Only the latest minor release of Hangar receives security fixes.
| Version | Supported |
|---|---|
| 0.1.x | ✅ |
| < 0.1 | ❌ |
Please report security vulnerabilities privately via email to robertcourson96@gmail.com. Include:
- A description of the vulnerability
- Steps to reproduce
- The version of Hangar affected
- Your name and affiliation (optional — for credit)
You should receive an acknowledgement within 72 hours and a status update within 7 days.
Do not open public GitHub issues for security bugs.

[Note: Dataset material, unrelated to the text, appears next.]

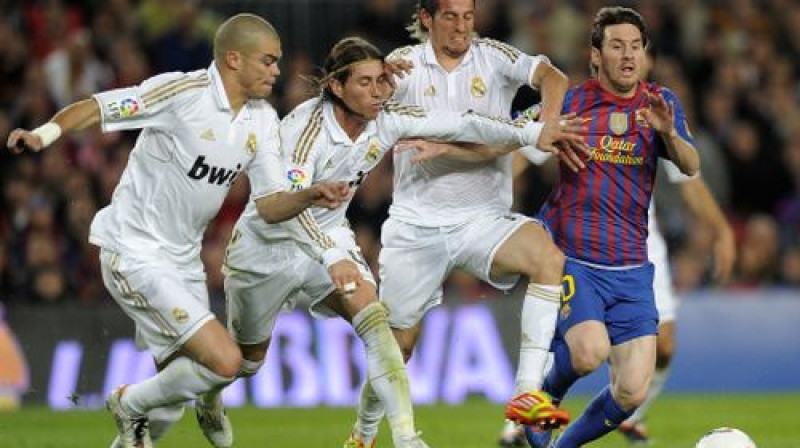 Mourinju vadībā "Real" pret Lionelu Mesi izmantoja jebkādus paņēmienus - kā atļautus, tā neatļautus
Foto: AFP/Scanpix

Hangar runs as a trusted local app on macOS with hardened runtime and Developer ID signing. It is not sandboxed (terminals spawn arbitrary child processes; sandboxing is impractical). The threat model focuses on:
- Local privilege escalation via Hangar's PTY or hotkey services
- Malicious config injection via
~/.config/hangar/config.json5 - Compromise of stored Keychain API keys
- Supply-chain attacks via SwiftTerm / GRDB / Sparkle dependencies
We do not treat the following as security issues:
- Remote agents (Claude Code, Codex, Hermes) doing arbitrary things in their own PTY — Hangar's job is to surface those approvals to the user, not to sandbox the agents themselves.